Couple of things spring to mind;

1. Always use a push-stick. Apart from keeping your fingers away from the blade you are less likely to push at the wrong angle.

2. Riving knives make table saws safer. Here in Europe we don't have a choice but if I did, I'd still use one!
 
I did something similar ripping a full sheet of OSB one time. Luckily the saw was underpowered and the mass of the sheet was too much for it, and I was nearly 8' away. But it was still surprising to me just how quick it jerked the sheet out of my hands and threw it back at me and was a very good lesson.
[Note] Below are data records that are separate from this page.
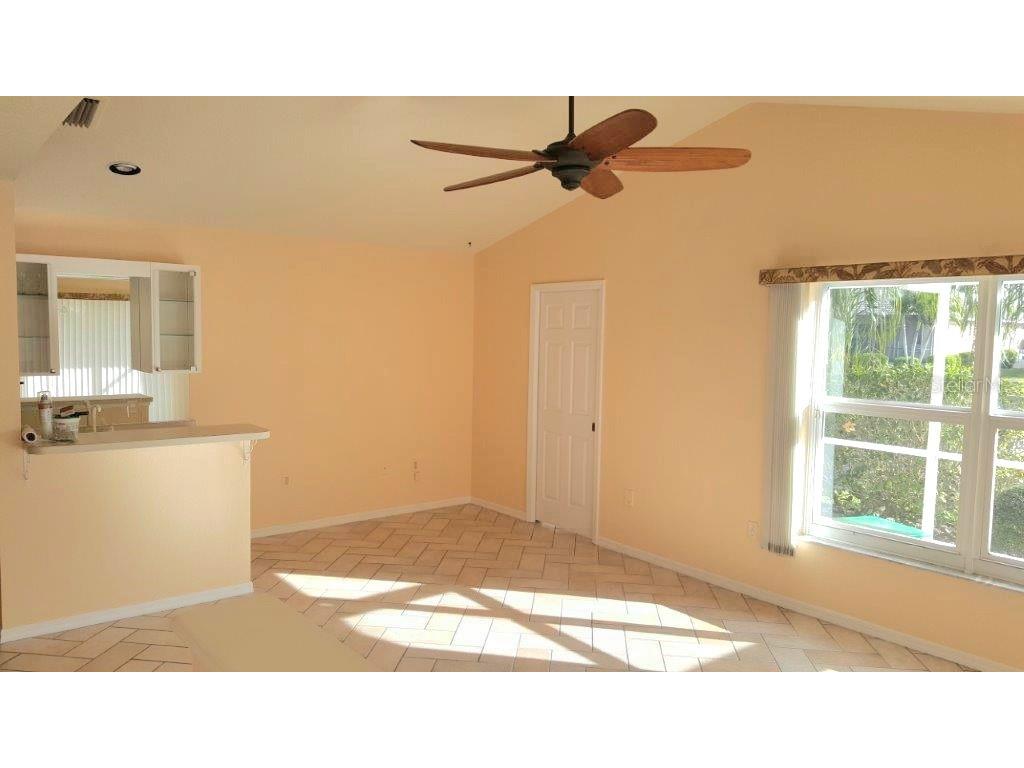 1605 Via Bianca Punta Gorda FL 33950 C7525911 image11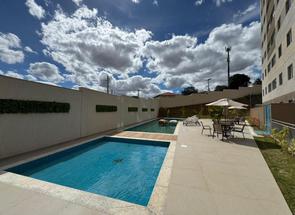 Apartamento, 3 Quartos, 1 Vaga, 1 Suite para alugar em Palmeiras, Belo Horizonte, MG valor de R$ 3.200,00 no Lugar Certo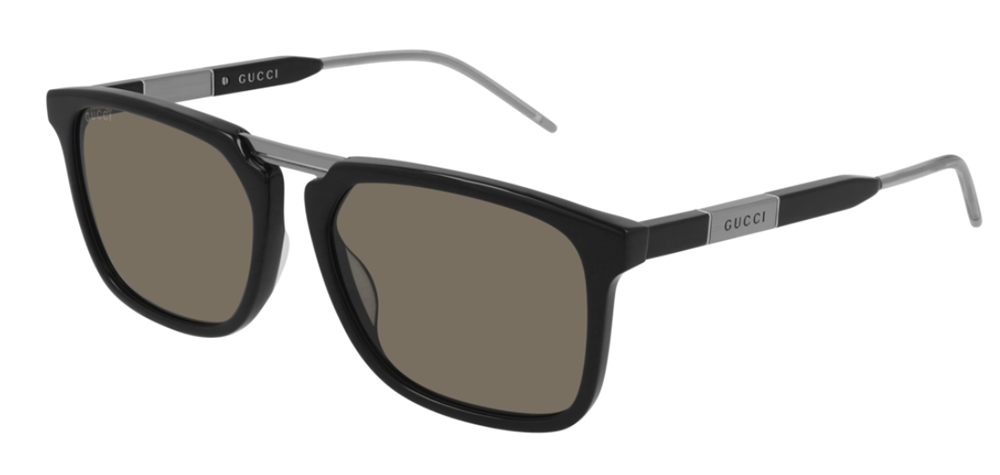 Gucci Sunglasses GG0842S 002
I now ALWAYS use a splitter.
 
Hi Don

I'm so glade that you are ok...the pics reminds me a war or...

A splitter would help but I think that it's mounted too far from the blade and when cutting short pieces, it still doesn't come into "action"...a riving knife would do a better job as it is mounted very close to the blade (3~8 mm - 1/8"~5/16"...I set it to 1/8" behind the blade) but...I know that not many TS's in USA have a riving knife....

I would like to share with you my push shoes/blokes that I'm using for the TS and the router table.

Please note that the "Pusher" is mounted diagonally to the trowel so when I push, I always exert pressure toward the fence...
Also, all of them have an "anti-skid tape" or sanding paper for better grip.

I'm positioning the push shoe at an angle to the workpiece, so when I push, one vector is pushing forward and part of the force, is toward the fence that ensures positive contact of the workpiece to the fence.

I like to position the push shoe so that the back side (the side close to me) is at more than half distance of the fence / blade so, in any case I'll push the workpiece front end toward the fence.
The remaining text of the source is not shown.